» To do:
Nothing outside the range is to be copied. From the entries below, reproduce exactly the lines starting at the one with "静安府东区 4室2厅 137.13平" and ending at the one with "Tonalita nebesky modrých", without pictures.

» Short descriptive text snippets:
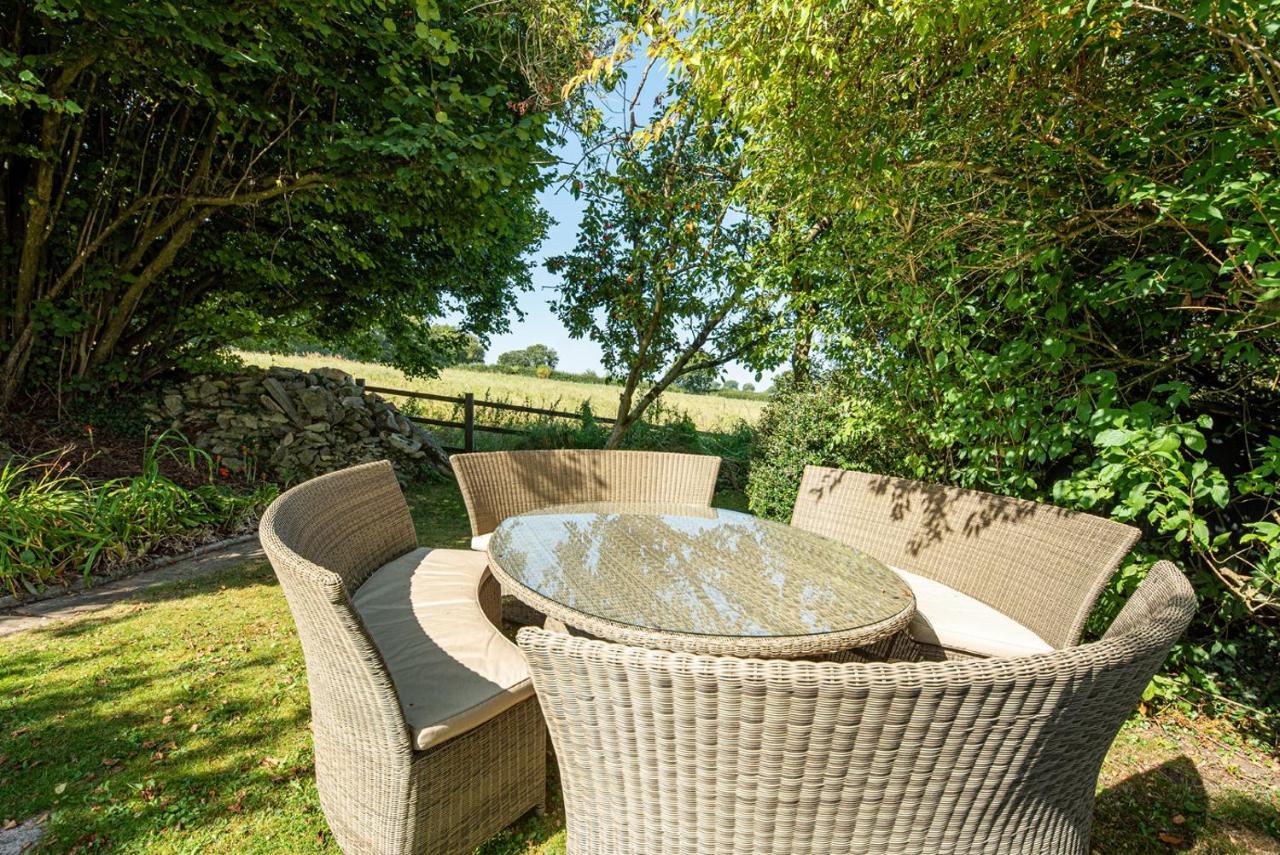 Wisteria View With Hottub & Cabin Sleeps 20 Chippenham  Exterior foto
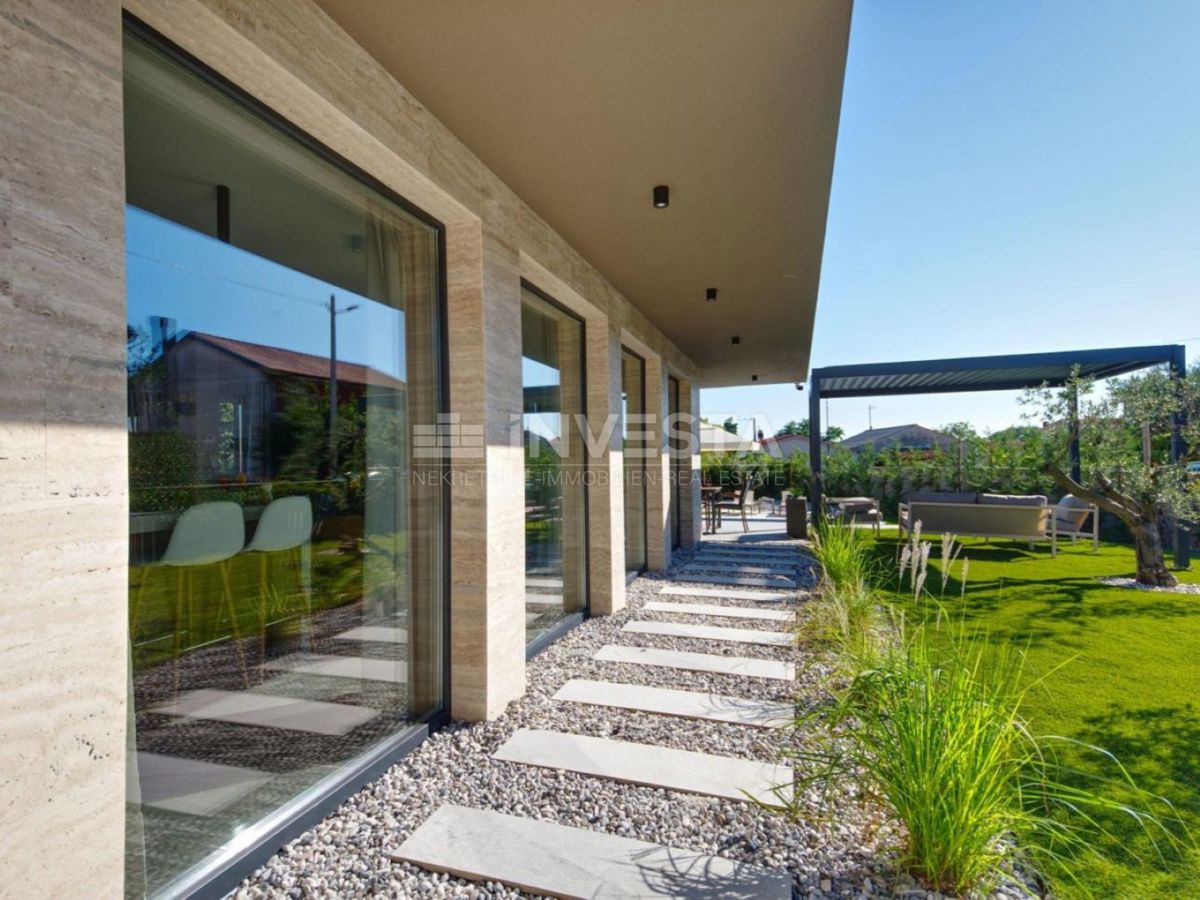 Moderna vila z bazenom v Marčani – mir in udobje v bližini Pulja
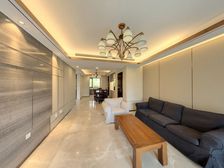 静安府东区 4室2厅 137.13平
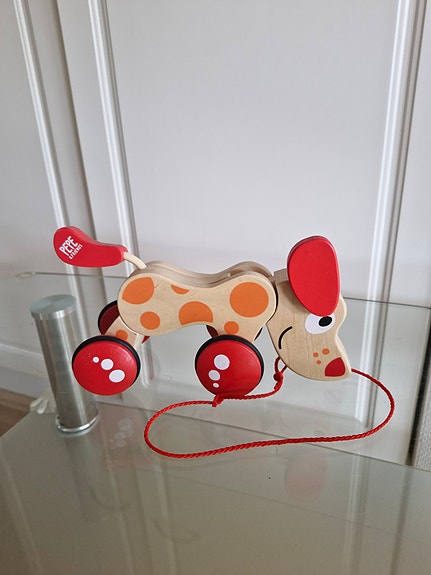 BRIO puinen vedettävä koira lelu
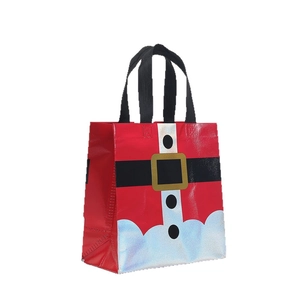 Rote Weihnachts-Geschenktüte im Nikolaus-Stil aus Vliesstoff mit Glanzeffekt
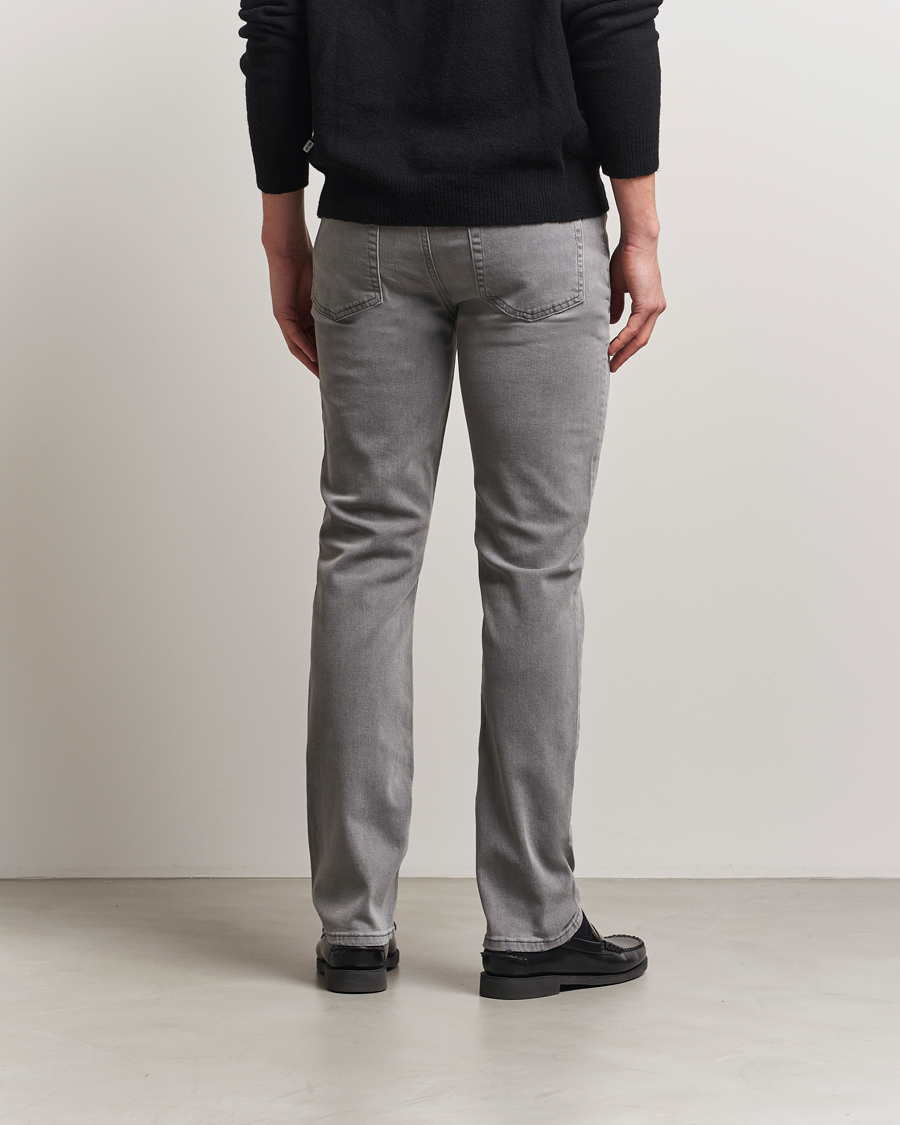 Hombres | Vaqueros | FRAME | Modern Straight Jean Rock Place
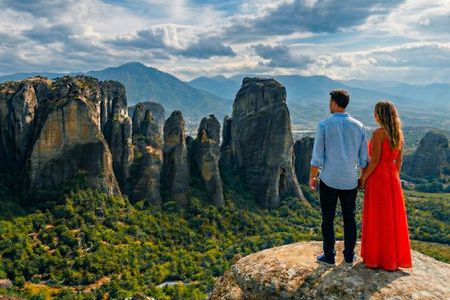 Meteora: Monasteries Tour with Lunch and Athens Transfer Option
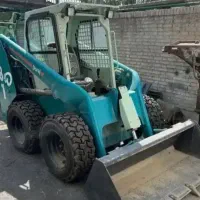 حمل نخاله مینی لودر توماس‌ خاورکمپرس خاکبرداری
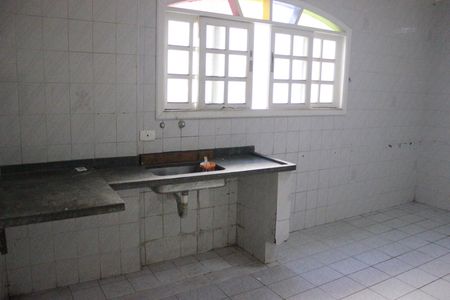 Casa à venda com 163m², 3 quartos e 2 vagasCozinha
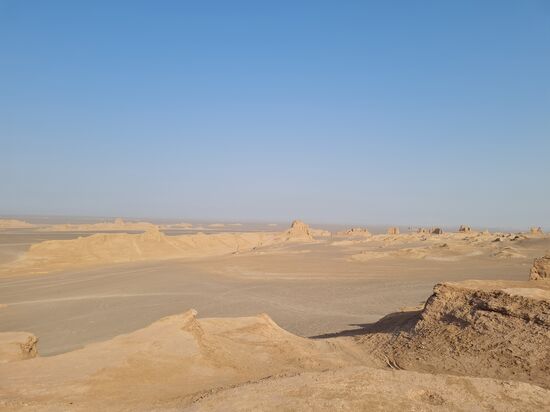 Die Kaluts, eigentlich ehemals Meeresgrund, der durch Wind erodierte, seit einiger Zeit UNESCO Weltkulturerbe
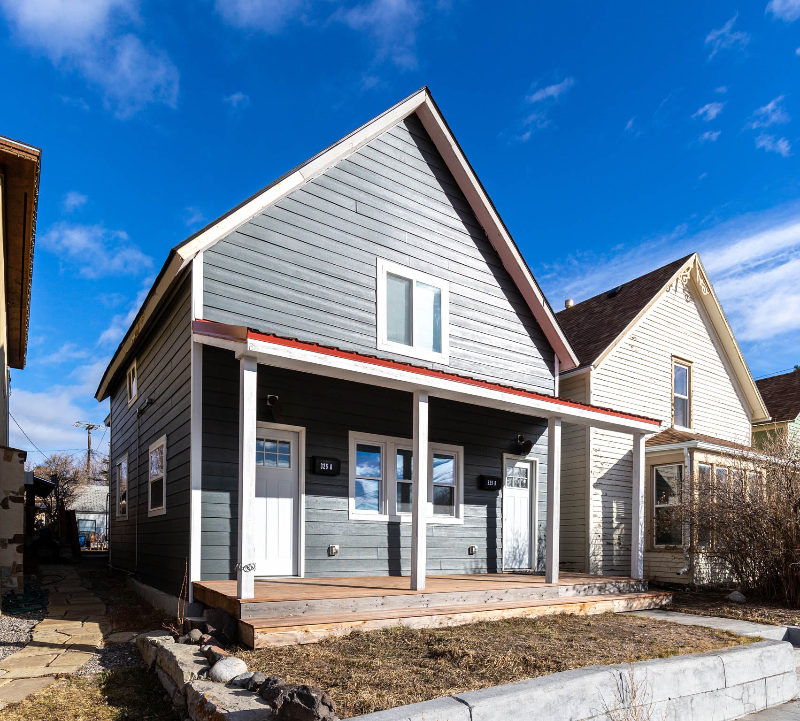 325 S 2nd St #A - Photo 2 of 20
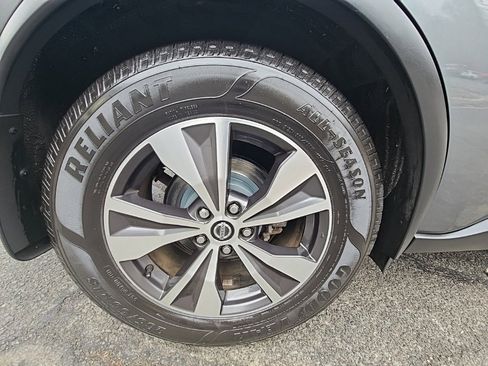 Used 2020 Nissan Murano S w/ Technology Package image 16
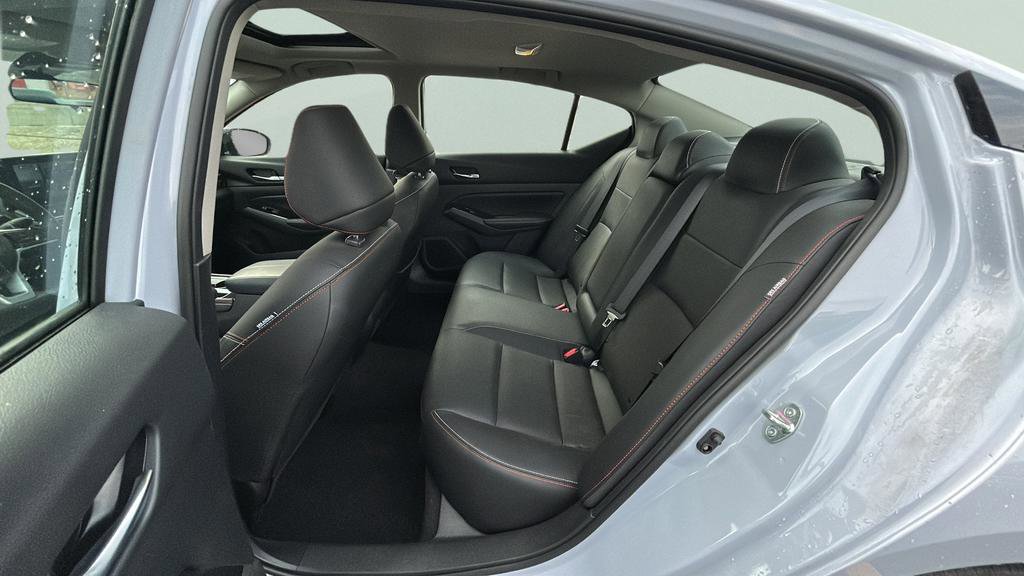 Used 2025 Nissan Altima 2.5 SR FWD image 14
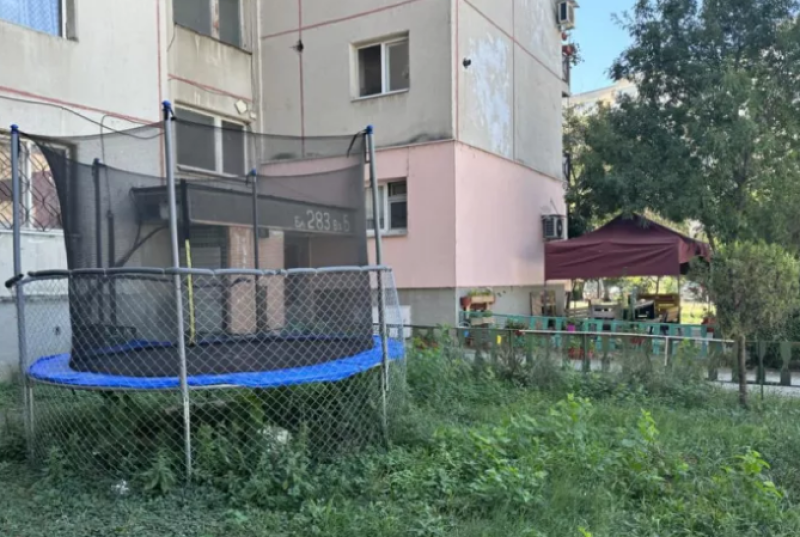Пейки пред блок в „Тракия“ станаха повод за междусъседски скандал и заповед за тяхното премахване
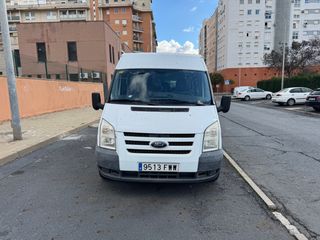 Ford Transit del 2011. Urge venta.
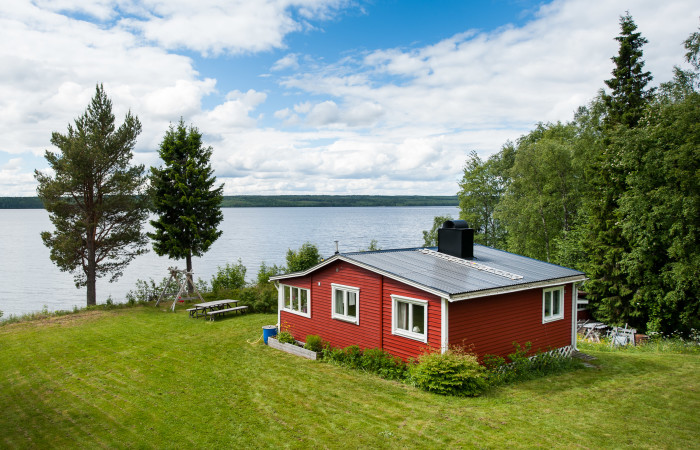 överenskommelse " Lugnt, enskilt och sjönära läge.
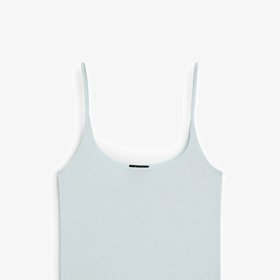 Tonalita nebesky modrých odstínů je poměrně široká. (Massimo Dutti, 995 Kč)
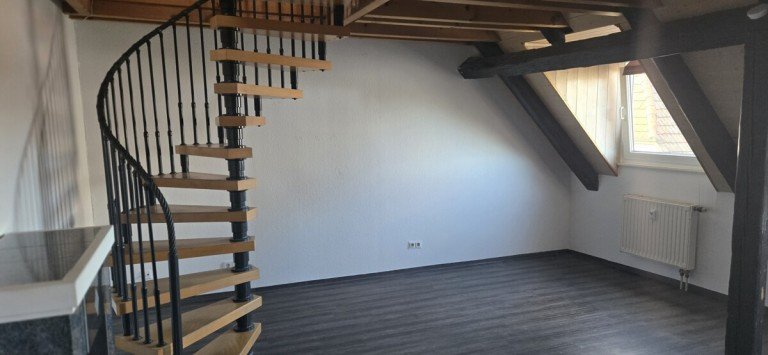 Wohnzimmer Offenau Dachgeschosswohnung Gem�tliche 2-Zimmer-Maisonette in liebevoll erhaltenem Fachwerk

» Problem solution:
 静安府东区 4室2厅 137.13平
 BRIO puinen vedettävä koira lelu
 Rote Weihnachts-Geschenktüte im Nikolaus-Stil aus Vliesstoff mit Glanzeffekt
 Hombres | Vaqueros | FRAME | Modern Straight Jean Rock Place
 Meteora: Monasteries Tour with Lunch and Athens Transfer Option
 حمل نخاله مینی لودر توماس‌ خاورکمپرس خاکبرداری
 Casa à venda com 163m², 3 quartos e 2 vagasCozinha
 Die Kaluts, eigentlich ehemals Meeresgrund, der durch Wind erodierte, seit einiger Zeit UNESCO Weltkulturerbe
 325 S 2nd St #A - Photo 2 of 20
 Used 2020 Nissan Murano S w/ Technology Package image 16
 Used 2025 Nissan Altima 2.5 SR FWD image 14
Пейки пред блок в „Тракия“ станаха повод за междусъседски скандал и заповед за тяхното премахване
 Ford Transit del 2011. Urge venta.
 överenskommelse " Lugnt, enskilt och sjönära läge.
 Tonalita nebesky modrých odstínů je poměrně široká. (Massimo Dutti, 995 Kč)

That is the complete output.